*Task details*.
Starting at the top of the entries below, write out each line up to and including the one containing "885-85815 1785815 Front Spring Bracket". Leave the pictures out.

*Stored data*.
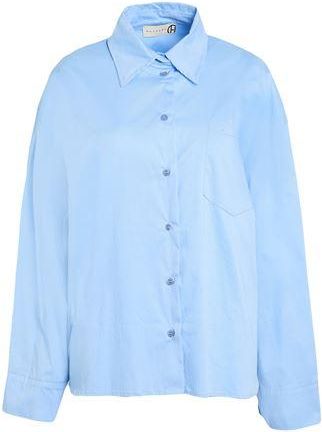 Haveone CAMISETAS Y TOPS - Camisas en YOOX.COM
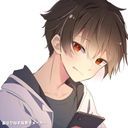 ぶるーく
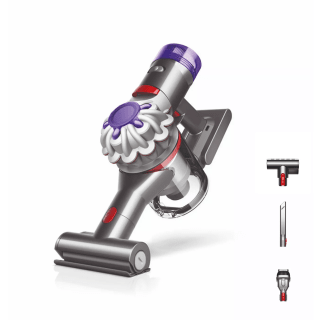 Aspirateur main DYSON Car+Boat au prix de 189€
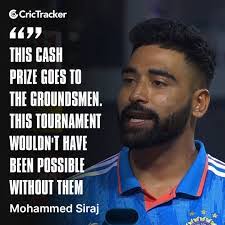 Mini Sharma's Instagram, Twitter & Facebook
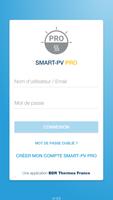 SMART-PV PRO BDR 海報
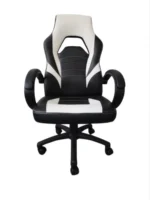 Fotoliu gaming Gamer X - imagine 2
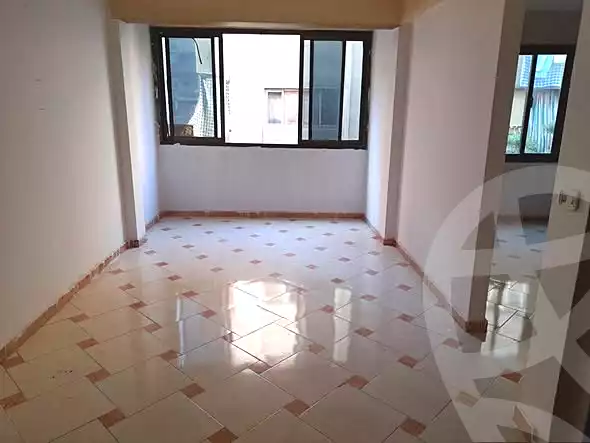 https://aqarmap.com.eg/ar/listing/6638155-for-rent-cairo-el-haram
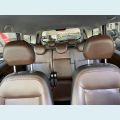 CHEVROLET SPIN 1.8 PREMIER 8V FLEX 4P AUT. - PRATA - 2020 Foto 5 (Miniatura)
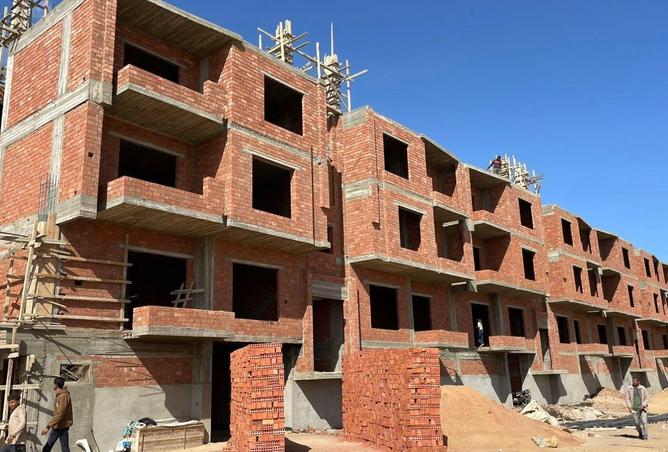 66692773 - صورة العقار 3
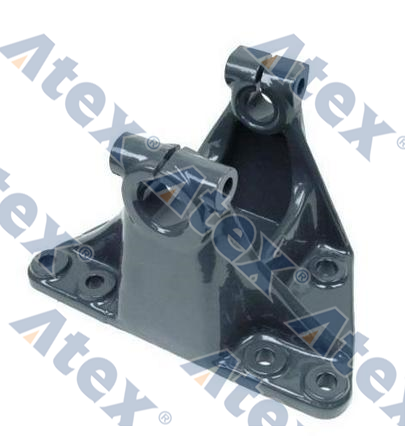 885-85815 1785815 Front Spring Bracket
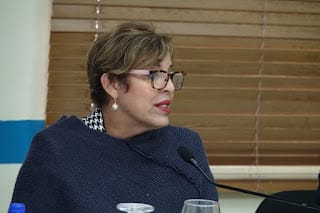 Innovando la educación superior: Un vistazo al futuro de la UASD en Santiago 9 Innovando la educación superior: Un vistazo al futuro de la UASD en Santiago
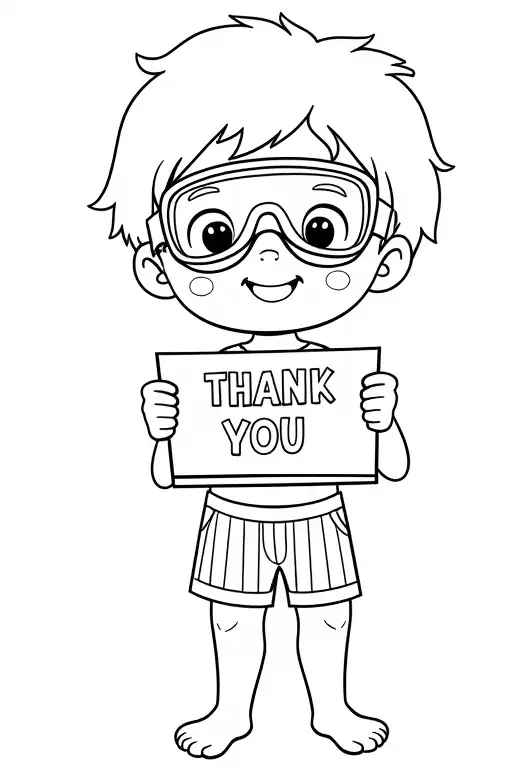 https://file.aiquickdraw.com/imgcompressed/img/compressed_bed524ae63adb60e9a7073f527de20d5.webp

*Task answer*.
 Haveone CAMISETAS Y TOPS - Camisas en YOOX.COM
 ぶるーく
 Aspirateur main DYSON Car+Boat au prix de 189€
 Mini Sharma's Instagram, Twitter & Facebook
 SMART-PV PRO BDR 海報
 Fotoliu gaming Gamer X - imagine 2
 https://aqarmap.com.eg/ar/listing/6638155-for-rent-cairo-el-haram
 CHEVROLET SPIN 1.8 PREMIER 8V FLEX 4P AUT. - PRATA - 2020 Foto 5 (Miniatura)
 66692773 - صورة العقار 3
 885-85815 1785815 Front Spring Bracket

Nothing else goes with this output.